Parking for visitors to the ruins is very close to the main ranch house and outbuildings, explained Planning Director LeeAnn Milligan to the county commissioners Aug. 4, during a review of the application, and there has been some damage to crops and equipment, possibly by visitors. The owner has requested Road 20.5 be vacated on the portion that runs from Road B to its terminus. That part of the road is located entirely on Box Bar property but is still part of the county’s road system – i.e., a public right-of-way.

Milligan said even though that part of 20.5 is signed as a maintained road (indicated by a green county road sign), it hasn’t actually been maintained by the county for several years.

However, abandoning the road would, at least for the time being, cut off motorized access to Yucca House.

Spencer told the Free Press that the Park Service plans to oppose the road’s immediate closure until plans for an alternate route are finalized, a process that involves the acquisition of an adjacent property from a willing seller, which could take another year or two. He pointed out that access to the monument is granted in the deed for the Ismay ranch property through an easement.

“The easement is an encumbrance on the deed when it was purchased, so (the buyers) were aware of the easement. They were aware that the monument is there and that it is visited,” he said, “and that the previous owner, Hallie Ismay, and before her, Henry Van Kleeck, who did the original donation of the original 10 acres of the monument, knew what they were doing – knew the visitation was there.”

One of the owner’s concerns is that present parking for monument visitors is only a short distance from the ranch house, which limits the residents’ privacy, as Commissioner Keenan Ertel had noted while reviewing the closure application last month.

“I don’t think it’s fair to have your front yard used for a parking lot,” he said.

But Spencer pointed out that the monument was established well before those structures were built.

“The road actually was there before the house,” he explained. “The earliest identification of the road that we’ve found from county maps goes back to 1936 and the residence wasn’t built till 1952.

“We know that from talking to Hallie Ismay before she passed away,” he said, “so the road pre-dates the residence and they built the residence with full knowledge that the road was right out their door.

“I’m sure they built it for the convenience of the location.”

Visitors are strongly encouraged to respect the private property rights of the adjacent landowners, he stressed to the commission during their preliminary review last month. Keesee had told the Free Press in 2005 that – despite “No Trespassing” signs and closed gates on the road – visitors were welcome to explore the ruins, so long as they closed gates behind them and stayed on the road to the parking lot.

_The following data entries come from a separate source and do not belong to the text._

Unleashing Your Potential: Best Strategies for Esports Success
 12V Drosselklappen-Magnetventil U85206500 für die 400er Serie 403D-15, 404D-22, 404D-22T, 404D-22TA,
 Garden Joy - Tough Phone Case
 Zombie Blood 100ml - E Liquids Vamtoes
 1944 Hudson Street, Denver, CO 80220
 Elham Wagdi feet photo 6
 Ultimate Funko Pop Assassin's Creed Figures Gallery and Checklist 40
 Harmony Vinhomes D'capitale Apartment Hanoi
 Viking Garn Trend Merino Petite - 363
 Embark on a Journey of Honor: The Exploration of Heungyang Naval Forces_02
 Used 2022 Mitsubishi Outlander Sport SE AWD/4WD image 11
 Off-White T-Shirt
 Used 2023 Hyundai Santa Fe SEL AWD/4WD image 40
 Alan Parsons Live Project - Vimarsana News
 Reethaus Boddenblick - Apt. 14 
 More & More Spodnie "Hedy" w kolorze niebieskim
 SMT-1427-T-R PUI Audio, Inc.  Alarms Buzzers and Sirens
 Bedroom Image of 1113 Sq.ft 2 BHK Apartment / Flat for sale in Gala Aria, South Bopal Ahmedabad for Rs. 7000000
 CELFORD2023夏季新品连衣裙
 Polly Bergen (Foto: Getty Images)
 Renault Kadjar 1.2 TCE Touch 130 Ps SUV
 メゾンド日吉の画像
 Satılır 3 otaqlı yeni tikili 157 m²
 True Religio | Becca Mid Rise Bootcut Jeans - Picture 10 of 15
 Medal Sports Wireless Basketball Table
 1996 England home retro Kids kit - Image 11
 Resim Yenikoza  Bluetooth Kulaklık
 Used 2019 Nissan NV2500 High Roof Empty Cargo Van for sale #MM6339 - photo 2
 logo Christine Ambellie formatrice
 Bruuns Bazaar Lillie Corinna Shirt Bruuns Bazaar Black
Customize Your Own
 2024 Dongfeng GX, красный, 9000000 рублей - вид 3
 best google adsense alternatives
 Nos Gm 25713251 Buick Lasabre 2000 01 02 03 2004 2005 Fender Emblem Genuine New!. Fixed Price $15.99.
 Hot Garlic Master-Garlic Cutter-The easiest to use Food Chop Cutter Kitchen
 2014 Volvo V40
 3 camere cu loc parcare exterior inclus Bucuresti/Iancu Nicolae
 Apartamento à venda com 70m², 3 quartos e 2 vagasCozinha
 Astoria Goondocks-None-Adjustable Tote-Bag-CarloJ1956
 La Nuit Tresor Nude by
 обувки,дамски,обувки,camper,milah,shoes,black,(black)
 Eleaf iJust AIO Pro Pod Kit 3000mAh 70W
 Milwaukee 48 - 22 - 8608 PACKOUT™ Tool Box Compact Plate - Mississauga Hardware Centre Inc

He said the signs were intended to warn people off his property.

However, Keesee also said at that time the park service needed to develop another old easement and build a road of its own.

Maps show a possible alternate route off County Road B, but that portion of B is also closed by a gate and other parts of the route are presently impassable or very rough and would need major improvements.

“It will take a substantial amount of money to fix that road – to improve it to be able to have two-way traffic on it or even one-way traffic,” Spencer said. “And for a road leading into Yucca House from the south, that property’s only 110 feet wide so to make those grades you’re going to need more width than just 110 feet [to provide switchbacks]. Either to do vehicle access or a trail leading from County Road B would be tough.”

Spencer said the Park Service is in talks with an adjacent landowner who also has ruins on his property to acquire enough land to provide access to Yucca House, but this transaction is a year or two away.

“This would eliminate the need (to have) parking where it is now at the house,” he said, proposing a two-part solution.

“One is to not abandon the road now until we can work out an alternate access and also . . . work out this alternative access through the Carwick Parcel, which would be a part of the national monument by then.”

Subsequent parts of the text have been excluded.